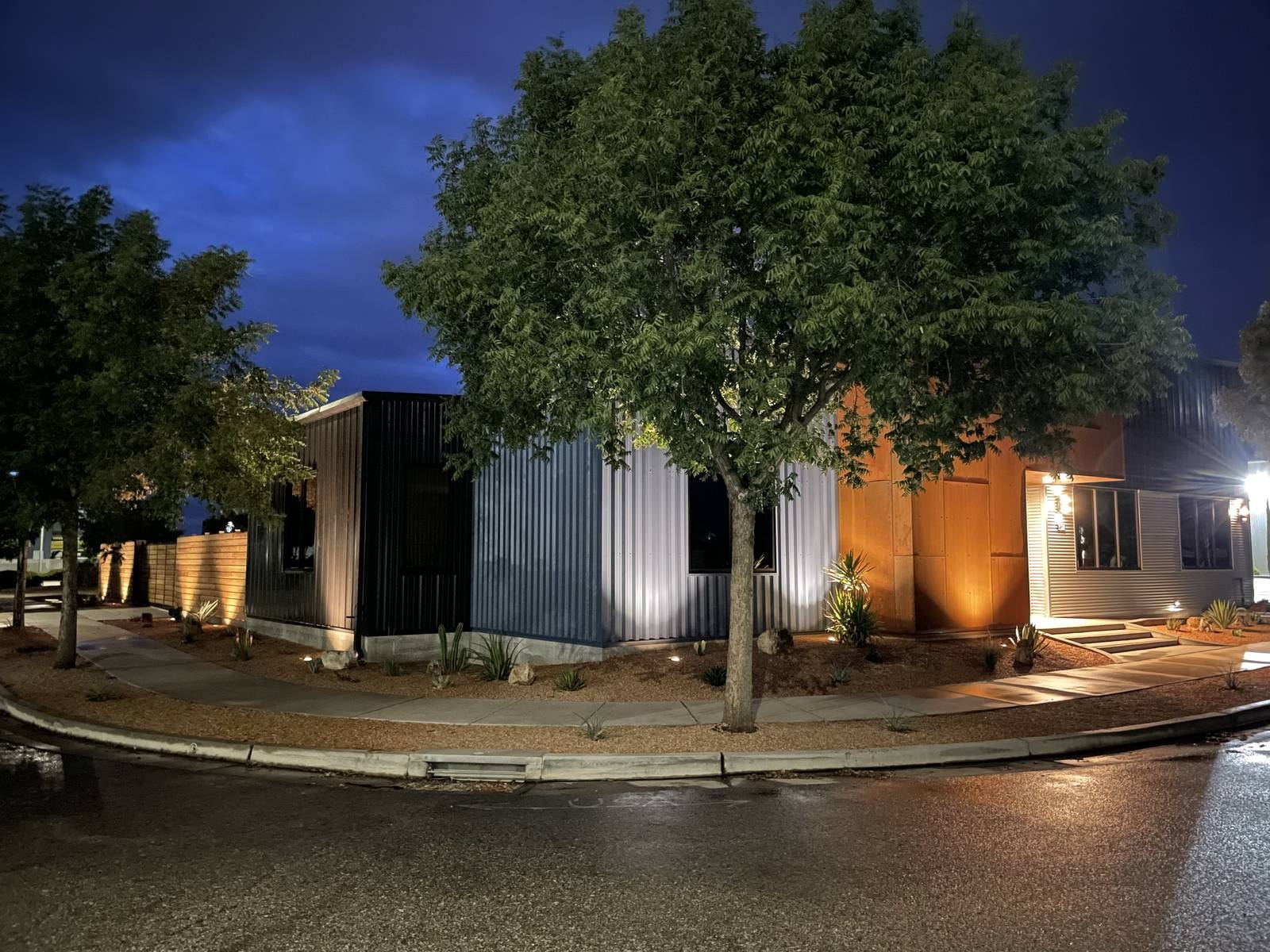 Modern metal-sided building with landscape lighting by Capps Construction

* * *

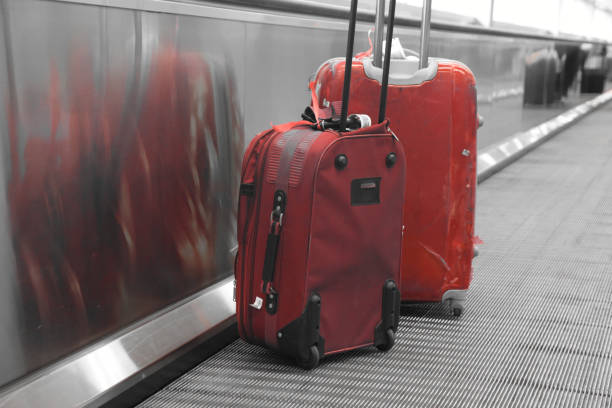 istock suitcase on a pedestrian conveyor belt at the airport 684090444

---

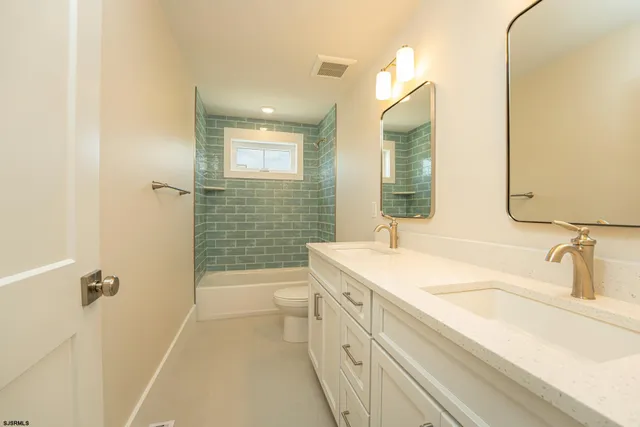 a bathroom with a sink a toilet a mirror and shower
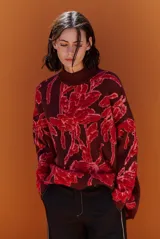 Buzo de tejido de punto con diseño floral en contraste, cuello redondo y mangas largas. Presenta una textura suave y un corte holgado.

Task details:
Copy word for word the lines of the records above from the one with "a bathroom with" up to and including the one with "Buzo de tejido". Skip the pictures.

Task output:
 a bathroom with a sink a toilet a mirror and shower
 Buzo de tejido de punto con diseño floral en contraste, cuello redondo y mangas largas. Presenta una textura suave y un corte holgado.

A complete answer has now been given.